Le multiculturalisme n’aborde pas le racisme systémique, mais il fournit de la main-d’œuvre, des divertissements et l’allusion à la culture aux « vrais Canadiens ». Le multiculturalisme ne s’attaque pas au racisme systémique et n’offre pas l’espace et le langage nécessaires pour parler du racisme et de l’oppression. Au lieu de cela, nous sommes contraints de « célébrer » nos cultures de manière souvent superficielle et essentialisante.
Oui, le président des États-Unis est un démagogue orange et raciste qui a une base de suprémacistes blancs, mais ces questions raciales ont toujours existé. Trump a juste contribué à les mettre en lumière et à les magnifier. Le pays est maintenant contraint de faire face à ces questions raciales. Alors que les suprémacistes blancs sont de plus en plus audacieux dans leur haine, l’audace de la résistance a également augmenté.
Tout comme aux États-Unis, le racisme anti-Noirs fait également partie du tissu canadien.

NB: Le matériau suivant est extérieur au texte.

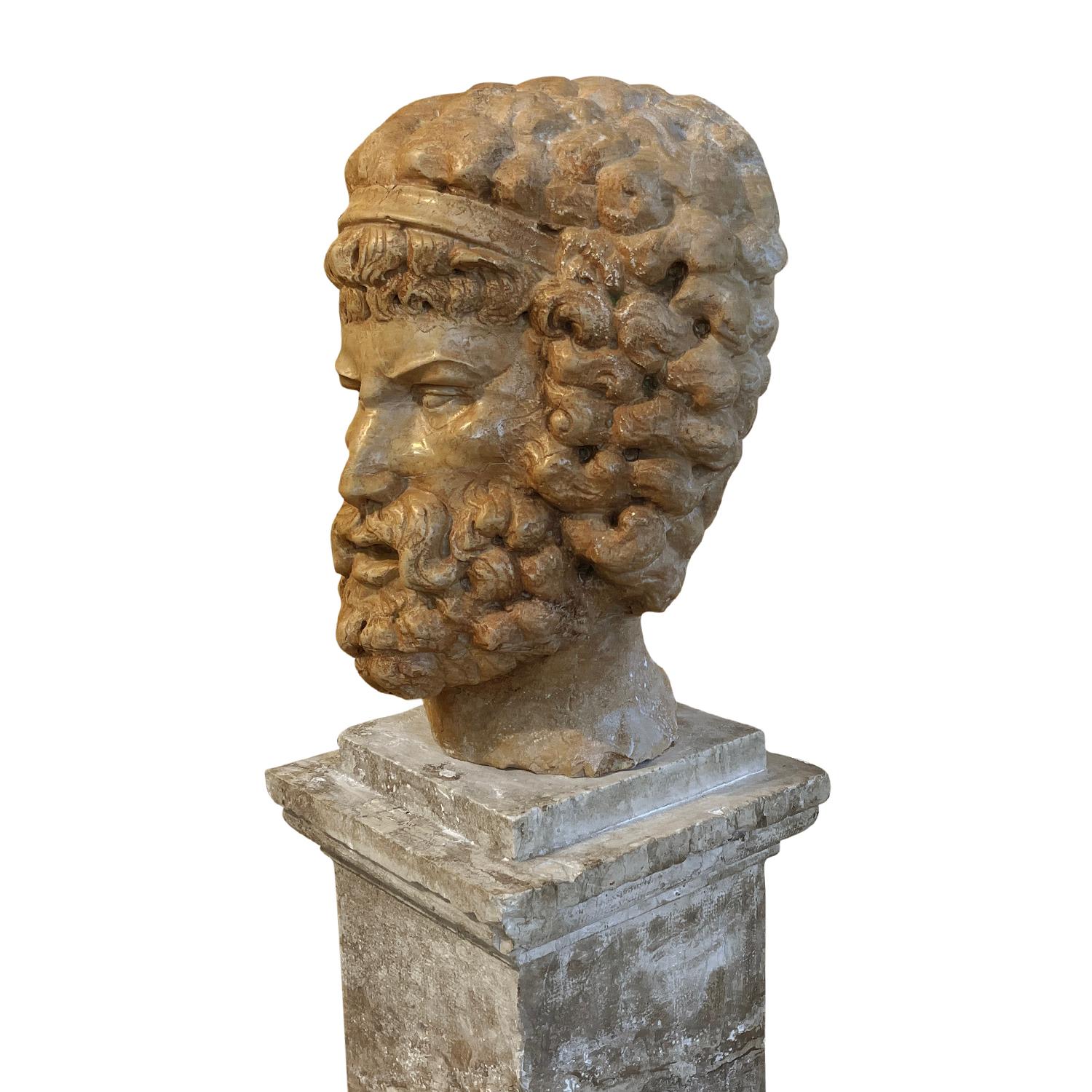 Renaissance 19th Century Rosso Marble Head of Zeus - Antique Italian Decor For Sale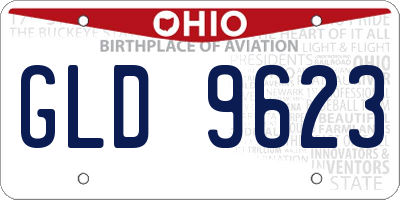 OH license plate GLD9623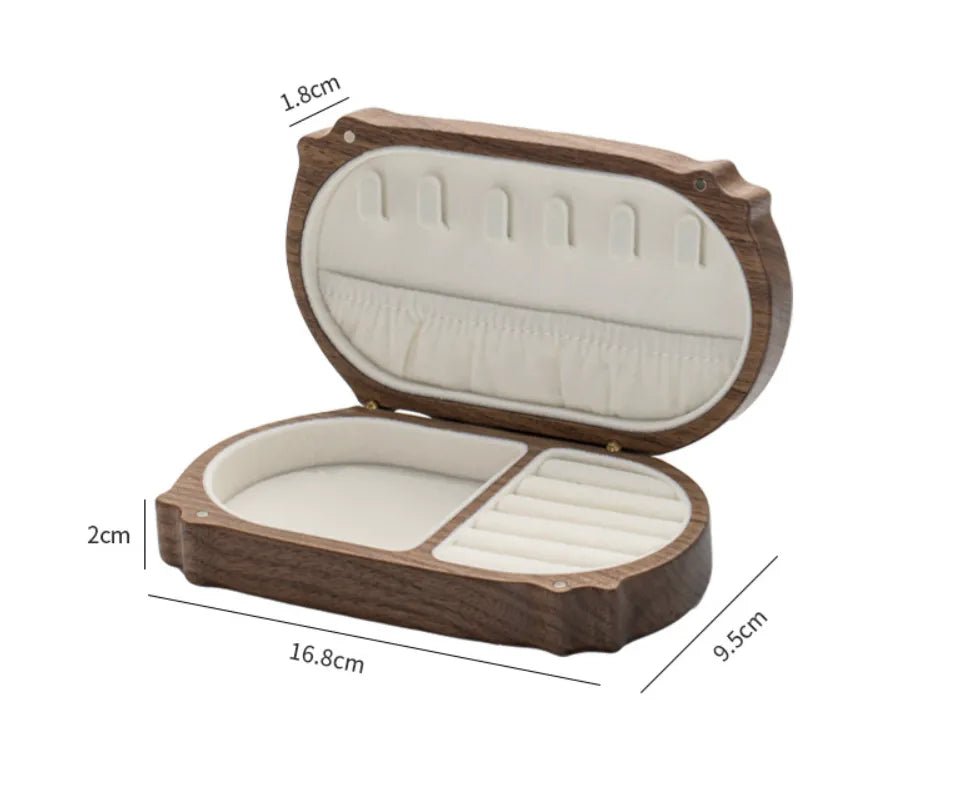 Cute Cat - Shaped Wooden Jewelry Box - Handcrafted from Cherry & Walnut Wood for Jewelry Organization - Aruary Studio ｜ Artisanal Jewelry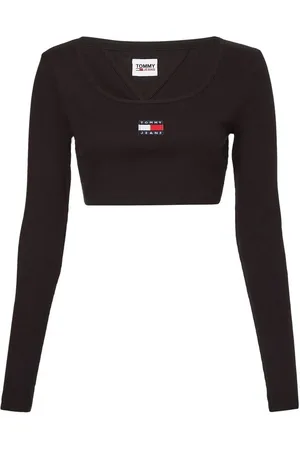 Tommy Hilfiger Tommy Jeans Top - TJW CROP RIB CENTER BADGE LS black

La présidence de Trump ne fait pas de nous des Canadiens progressistes par défaut. Nous abhorrons à juste titre la rhétorique de Donald Trump et de ses partisans, mais nous ignorons à tort notre passé racial, en prétendant que le racisme s’arrête à la frontière. Alors comment notre nation multiculturelle inclusive a-t-elle réagi lorsque la même rhétorique suprémaciste blanche a été utilisée à l’intérieur de nos frontières? Nous l’avons abordé passivement et avons continué à tourner notre attention vers le sud. Au Canada, nous essayons de garder le racisme à distance. C’est un luxe que les Canadiens blancs ont, de dire « Je ne veux pas être entouré de tous ces trucs racistes ». Dafonte Miller n’a pas eu ce choix; Charline Grant n’a pas eu ce choix; je n’ai pas ce choix; les Noirs de ce pays n’ont pas ce choix. Il est temps pour les Canadiens d’agir.
En fait, j’ai bon espoir que la plupart des Canadiens ont de bonnes intentions, mais ne sont tout simplement pas conscients de l’histoire raciste du Canada et de la façon dont le racisme et l’oppression sont toujours présents aujourd’hui. Cet été, j’ai été rassuré de constater qu’il existe une volonté politique de s’attaquer à ces problèmes systémiques, car j’ai assisté et participé à des séances communautaires organisées par le ministère des Services à l’enfance et à la jeunesse dans le cadre du Plan d’action ontarien pour les jeunes Noirs, un plan de 47 millions de dollars sur quatre ans qui s’attaquera aux disparités dans les résultats du racisme anti-Noir dont sont victimes les enfants et les jeunes Noirs de l’Ontario.
J’ai hâte de revenir au Canada après l’université et de participer à la construction d’un pays qui pourrait vraiment être un leader mondial en matière d’inclusivité et de diversité. Quant au multiculturalisme, vous pouvez l’oublier. Je veux plus pour tous les Canadiens. Je veux la justice, l’équité et la compassion dans nos relations humaines.
1 Je reconnais que d’autres groupes marginalisés au Canada, comme les peuples autochtones, subissent également une oppression importante au sein des systèmes canadiens. Cet article de blogue est une réflexion personnelle et, en tant que tel, il est axé sur l’expérience des Noirs.